Yönetmenin ilk filmi olan Yedinci Kıta’da, ailenin içinde bulunduğu bunalım hali, evdeki bütün eşyaları kırıp dökmelerine ve toplu şekilde hayatlarına son vermelerine neden olmaktadır. Ailenin yaşadığı çöküntü hali, şiddeti ve ölümü ortaya çıkarmıştır. Benny’nin Videosu filminde ise Benny isimli bir gencin başkasına uyguladığı bireysel şiddet görülmektedir. Ailesinin bir domuzu acımadan öldürme videosunu sürekli ileri- geri sararak izlemesi, onun ruh halini ortaya koymaktadır. O görüntülerin sıradan bir görüntü olarak algılanması ile aynı olayı kız arkadaşı üzerinde denemesi, şiddetin normalleşmesi kavramına uygundur denilebilir. Tesadüfî Bir Kronolojinin 71 Parçası filminde yine bunalım halinde olan bir gencin ufak bir tartışma sonrası cinnet getirerek birkaç insanı öldürmesi konu edilmektedir. Toplumu oluşturan bireylerin kendi içinde yaşadıkları, topluma karşı tavırlarının ölçüsüzlüğü, filmde açık şekilde gösterilmektedir.

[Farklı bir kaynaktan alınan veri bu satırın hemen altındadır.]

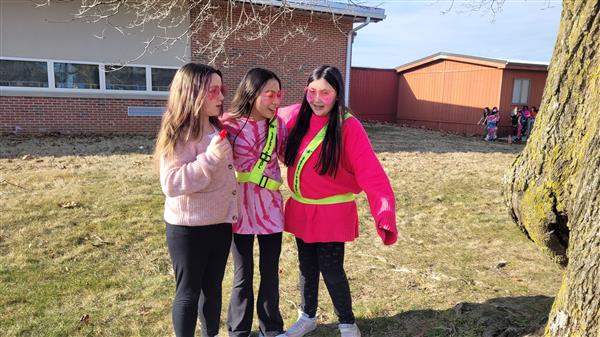 Three girls in pink jackets standing next to a tree.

Yönetmenin şiddet hakkında incelenmesi gereken belki de en önemli filmi Ölümcül Oyunlar (Funny Games) filmidir. Filmde iyi ve beyaz giyinişli iki gencin bir aileyi sebepsiz yere rehin alarak onları öldürmesi konu ediliyor. Bilinmeyen Kod filminde ise toplumsal şiddete karşı toplumun kayıtsızlığı eleştirilmektedir. Piyano Öğretmeni filminde aile içi şiddet ve baskının yanı sıra cinsel şiddet konuları da irdelenmektedir. Saklı filminde geçmişiyle yüzleşmek zorunda bırakılan bir adamın psikolojik şiddete maruz kalması anlatılmaktadır. Beyaz Bant filminde ise bir anlamda şiddetin kökenine doğru bir yolculuk amaçlanmaktadır.

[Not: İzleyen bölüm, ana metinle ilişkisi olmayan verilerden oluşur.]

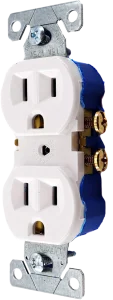 Close-up of a white electric wall outlet with two vertical slots and a round grounding hole. The outlet features metal mounting brackets and screws.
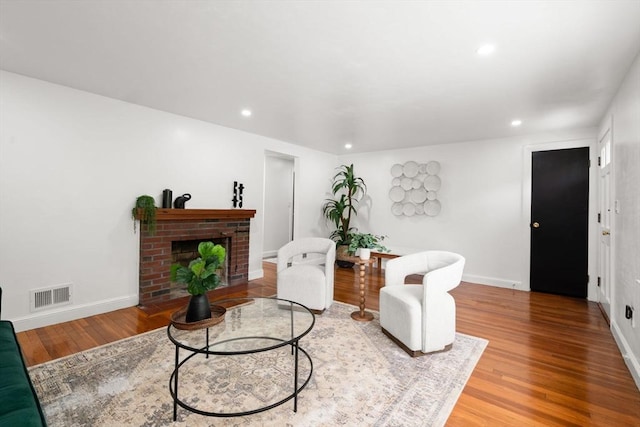 379 Dedham Ave, Needham, MA 02492 - living area with wood finished floors, a fireplace, recessed lighting, and baseboards
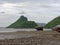 Big rock in hemisphere, cone, or pyramid shape eroded by sea water at Khao Lom Muak, Ao Manao, Prachuap Khiri Khan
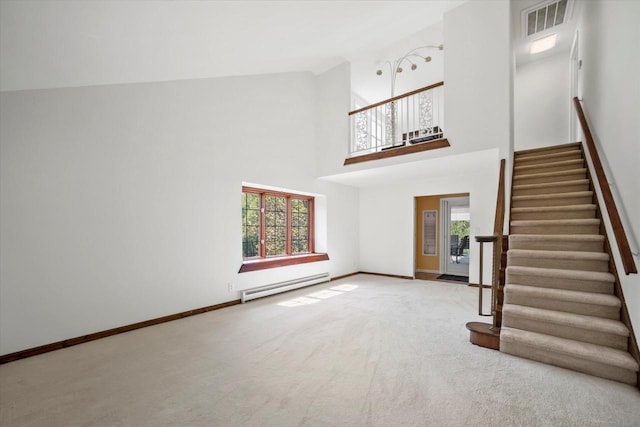 1401 Scenic Dr, Hubertus, WI 53033 - unfurnished living room with baseboard heating, stairway, baseboards, a towering ceiling, and carpet flooring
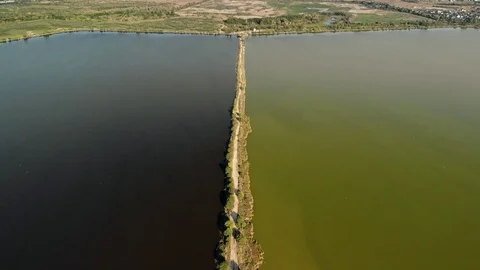Pan over a road line in the middle of a lake Stock Footage 111479685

Yönetmenin filmlerinde şiddetin nasıl yansıtılacağı konusunun dikkatli bir şekilde ele alındığı görülmektedir. Haneke’ye göre şiddetin sebebi bilinirse, izleyici rahatlama (katharsis) yaşar. Oysa, yönetmenin sinema anlayışında izleyicinin rahatlaması istenmez, aksine izleyicinin rahatsız olması istenir. Bu yüzden Haneke filmlerinde şiddetin nedenlerini izleyiciye vermez. Böylece izleyici alışık olduğu şeyleri alamadığında rahatsız olur ve film hakkında düşünmeye, sorgulamaya başlar. Haneke’ye göre gerçek hayatta birisi vurulmuşsa bu oldukça sıradan bir durum olarak gözlenir. Filmlerde ise şiddet sahneleri

estetize edilerek gerçeklikten koparılmaktadır. Ona göre estetize edilen şiddet zararsız gibi gösterilmektedir (Assheuer, 2013, s. 72). Haneke, şiddet konusunu filmlerinde irdelerken yabancılaşma, iletişimsizlik ve tatminsizlik yaşayan modern insana yönelik eleştirilerde de bulunmaktadır (Dudu, 2015, s. 114).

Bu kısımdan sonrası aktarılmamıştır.